Aux termes de l'article 584 du code de procédure civile, en cas d'indivisibilité à l'égard de plusieurs parties au jugement attaqué, la tierce opposition n'est recevable que si toutes ces parties sont appelées à l'instance.



La CCITON demande la confirmation du jugement entrepris en ce qu'il a déclaré recevable sa tierce opposition faisant valoir d'une part que la procédure a été régularisée et d'autre part qu'elle se prévaut d'une fraude à ses droits et, à tout le moins, d'un intérêt propre à former une tierce opposition au jugement ouvrant le redressement judiciaire de M. [O] [N] compte tenu de sa qualité de créancier privilégié ayant engagé des procédures de saisies et du fait que la procédure de redressement judiciaire a été initiée par M. [N] afin d'échapper à l'exécution de ses obligations vis à vis de la CCITON.



Maître [D] ès qualités soutient que la tierce opposition est irrecevable à défaut de mise en cause du mandataire judiciaire en première instance et que la CCION ne justifie d'aucun intérêt à agir.



Le mandataire judiciaire ayant été intimé, la procédure a été régularisée devant la cour, toutes les parties et organe de la procédure étant appelés à l'instance.



La CCITON, qui détient une créance admise à titre privilégié au titre de deux nantissements de parts sociales et d'une hypothèque sur un immeuble et dont il n'est pas contesté qu'elle avait engagé plusieurs procédures de saisie-vente sur les biens de M. [O] [N] avant l'ouverture de la procédure collective, justifie ainsi d'une atteinte portée à un droit propre né de l'attribution immédiate à son profit des biens ainsi saisis et donc de moyens propres et d'un intérêt à former une tierce opposition pour voir prononcer une liquidation judiciaire lui permettant la réalisation immédiate du patrimoine de M. [O] [N] et un désintéressement plus rapide.



Par ces motifs, le jugement entrepris est confirmé en ce qu'il a jugé recevable la tierce opposition.





Sur le bien fondé de la tierce opposition



Aux termes de l'article L631-1 du code de commerce, la procédure de redressement judiciaire est destinée à permettre la poursuite de l'activité de l'entreprise, le maintien de l'emploi et l'apurement du passif. Elle donne lieu à un plan arrêté par jugement à l'issue d'une période d'observation et, le cas échéant, à la constitution de classes de parties affectées, conformément aux dispositions des articles L. 626-29 et L. 626-30. La demande prévue au quatrième alinéa de l'article L. 626-29 peut être formée par le débiteur ou l'administrateur judiciaire.
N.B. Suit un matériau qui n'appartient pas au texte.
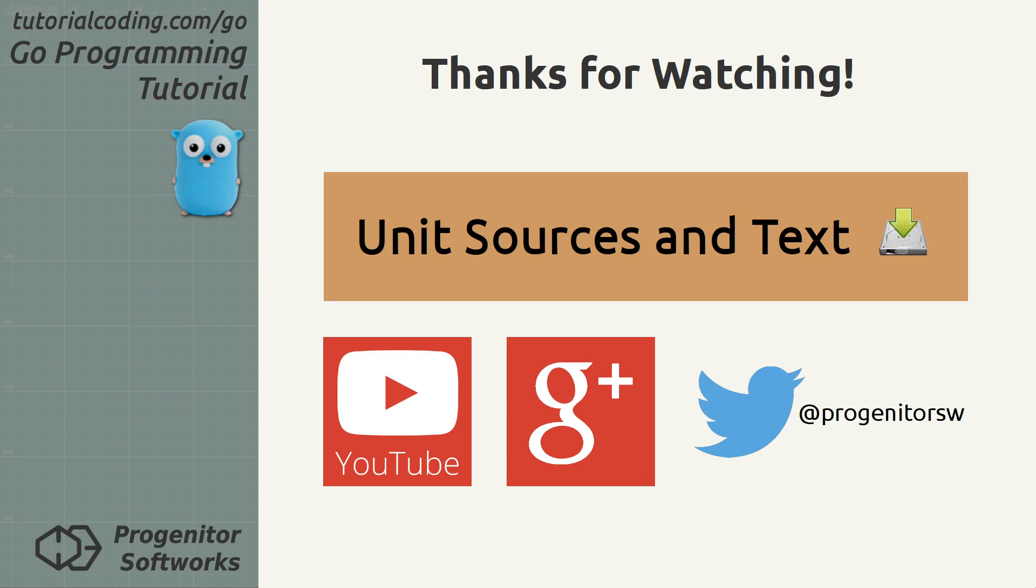You can find the unit sources and notes on the tutorialcoding.com website that you can reach by clicking on the orange annotation. If you found this unit video insightful and enjoyable, please like it and leave a comment. Subscribe to my YouTube channel or follow my Google plus or Twitter feed. Goodbye.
Aux termes de l'article L640-1 du code de commerce, il est institué une procédure de liquidation judiciaire ouverte à tout débiteur mentionné à l'article L. 640-2 en cessation des paiements et dont le redressement est manifestement impossible.

La procédure de liquidation judiciaire est destinée à mettre fin à l'activité de l'entreprise ou à réaliser le patrimoine du débiteur par une cession globale ou séparée de ses droits et de ses biens.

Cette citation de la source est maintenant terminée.